Successfully opened database named 'blobs'.
Version is 3.42.0.
id: 5, textblob: 
$testStr: --inserted Hebrew בְּרֵאשִׁ֖ית of char length 50--
[string length $testStr]: 50
[string length [encoding convertto utf-8 $testStr]]: 62
[chan seek $fdBlob 0 start]: 
copy $fdBlob stdout -size 2000 written below
Hello there--inserted Hebrew בְּרֵאשִׁ֖ית of char length 50--, friends!
[chan seek $fdBlob 0 start]: 
[chan read $fdBlob]: Hello there--inserted Hebrew בְּרֵאשִׁ֖ית of char length 50--, friends!
[string length $readblob]: 1988
Tcl pieces: Hello, friends! בְּרֵאשִׁ֖ית
chan read of 10 characters from seek 62: length 50-
SQL pieces: Hello, friends! בְּרֵאשִׁ֖ית

Solution

    1. Is using a blob to hold text as an append-only buffer a reasonable approach and is there a better option in SQLite?

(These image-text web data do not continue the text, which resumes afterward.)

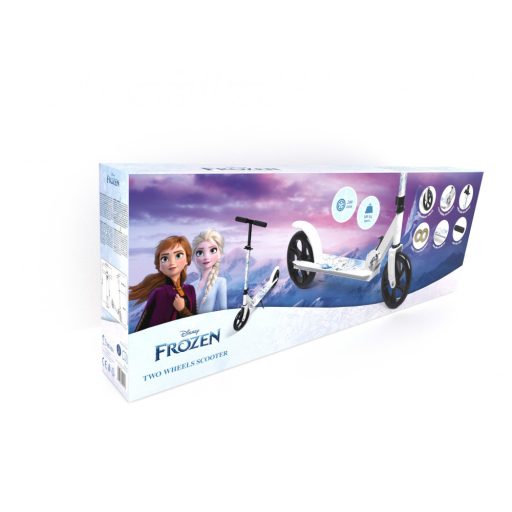 Disney Nagy kerekű roller - Jégvarázs
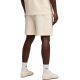 4. Puma ESS Elevated Material Herrenshorts Beige 692057 87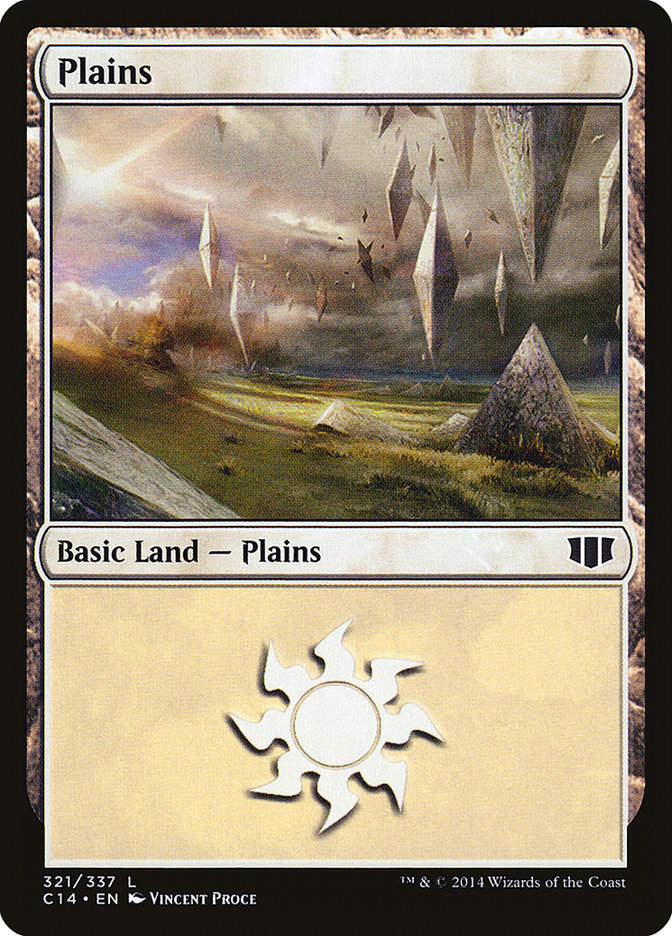Plains (c14)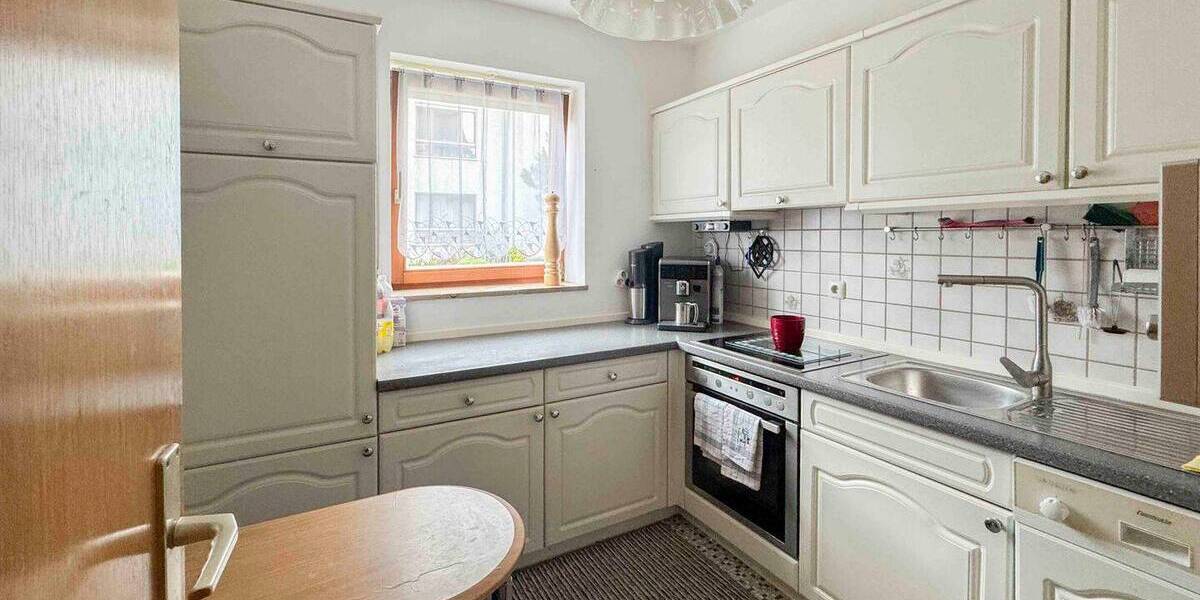 Etagenwohnung Neumarkt i.d. OPf. Neumarkt - 3 Zimmer, 79 m&sup2;, 248.000&euro; | Angebot:26344692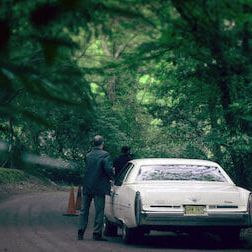 Photo Catching Killers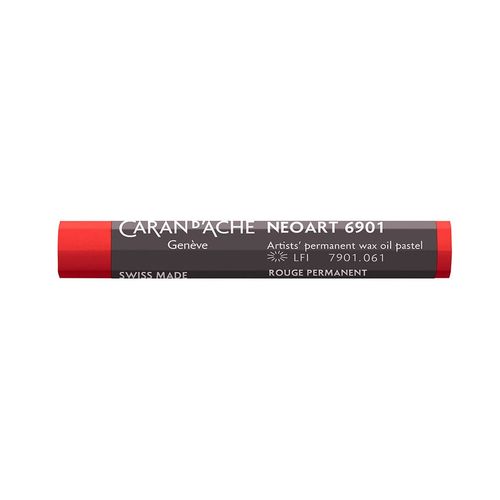 Image of Caran d’Ache Neoart 6901 Wax Oil Pastels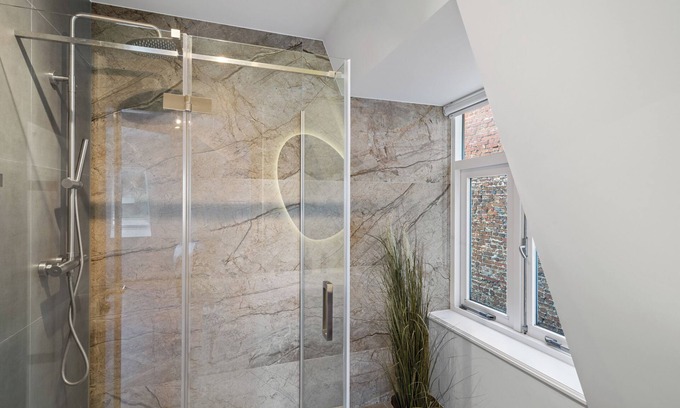 Centrum Apartment | Jose’s city center apartment, room in roosendaal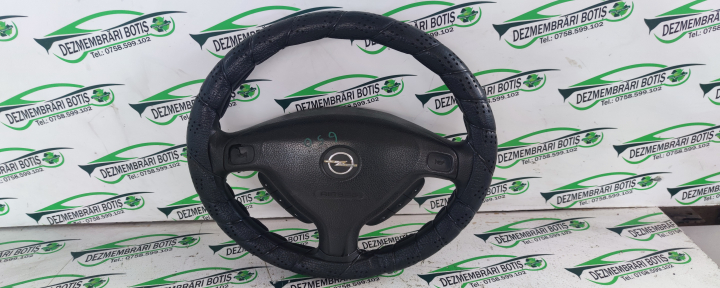 Volan simplu Opel Zafira A [1999 - 2003]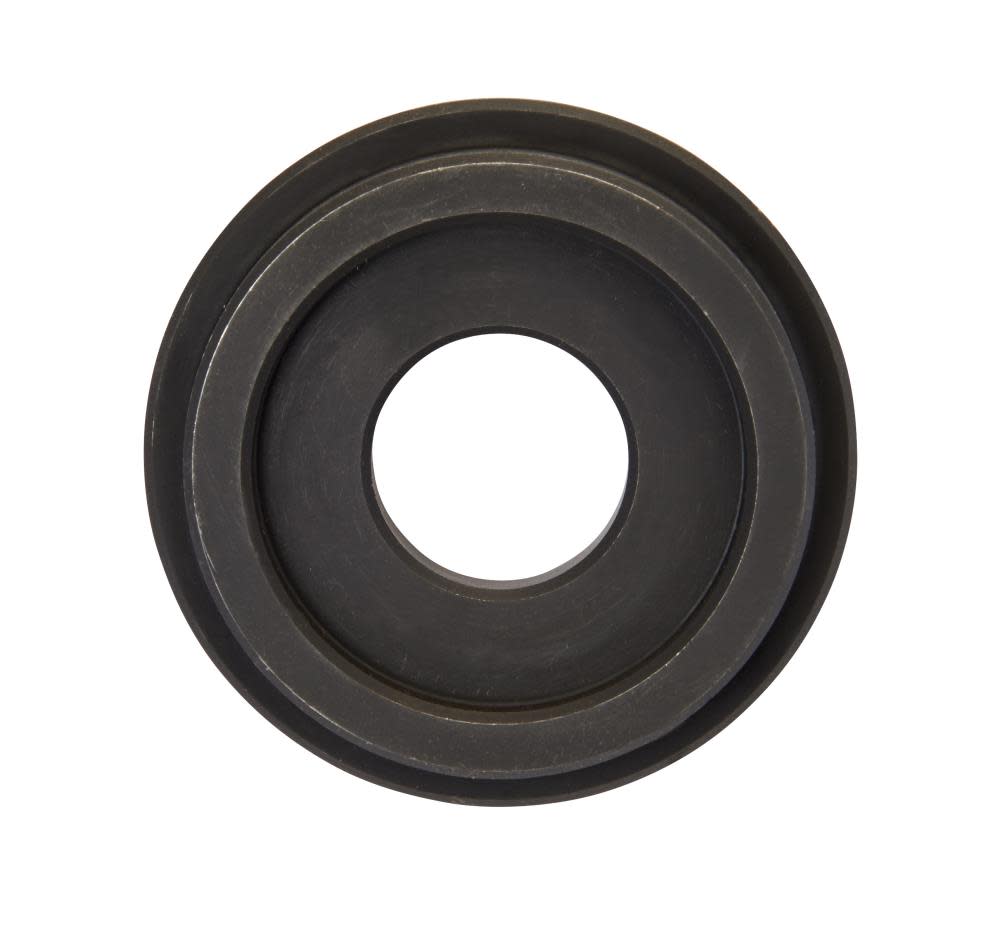 Milwaukee Knockout Punches and Die Spacer - Ascmtools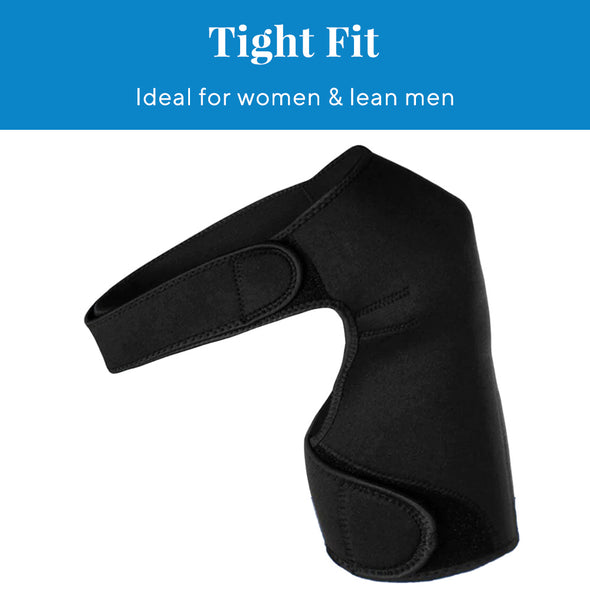 Adjustable Shoulder Brace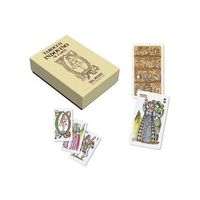 dal negro 043002 juego de cartas 78 piezas
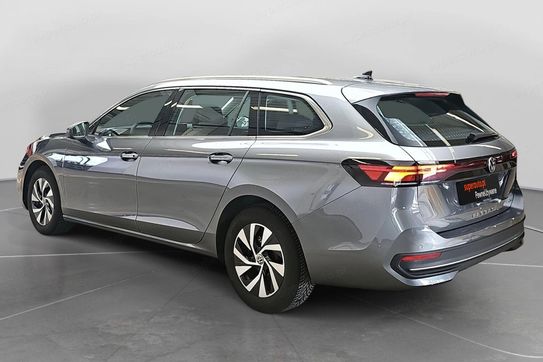 Volkswagen Passat 1.5 TSI  DSG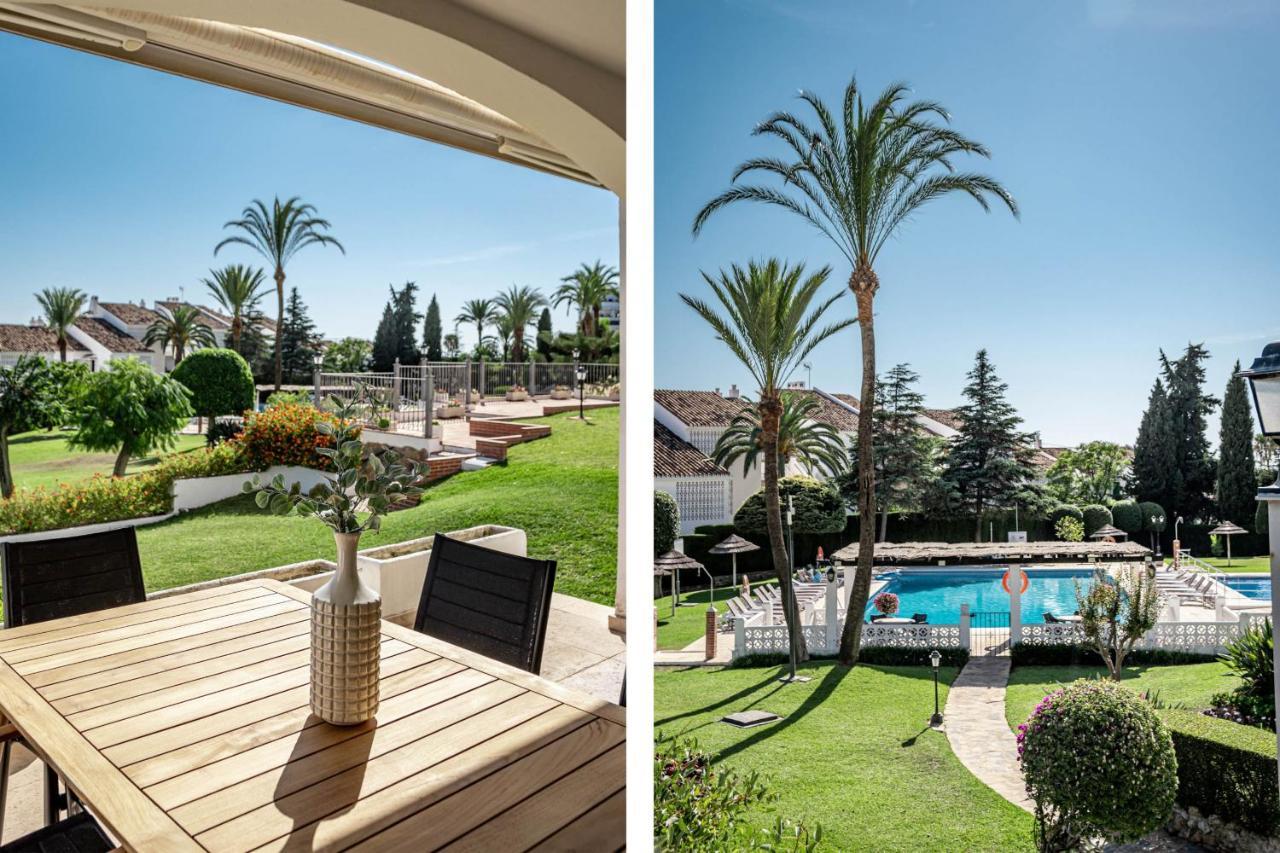 Apartamento Ma7b-stunning Location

    If you want SQLite to index your string in some way (e.g., with the full text search engine) putting it in a blob won't help. If you can know the whole string before writing it into a blob, it's probably best to do that; on most modern computers, strings of up to, say, 100MB long won't stress things in slightest. That's quite a lot of text, and it is per-string/blob.

    1. Which is better: tracking start and length in both characters and bytes at each write event, or making these conversions at the time of roll-up? And, if the latter is preferrable, is it better to read the blob into Tcl or cast it as text in SQLite?

    You've got database columns, you can keep anything in them that you find helps. If sometimes you need byte ranges and sometimes you need character ranges, keep both. It makes for a bit more complexity and time cost when building, but as long as you want to do many more queries than writes, it makes sense to make writes bear the cost.

    But do check if you need to reinvent your own indexing schemes beyond what the built-in Full Text Search extension virtual tables offer. (No idea how well they handle Hebrew text.)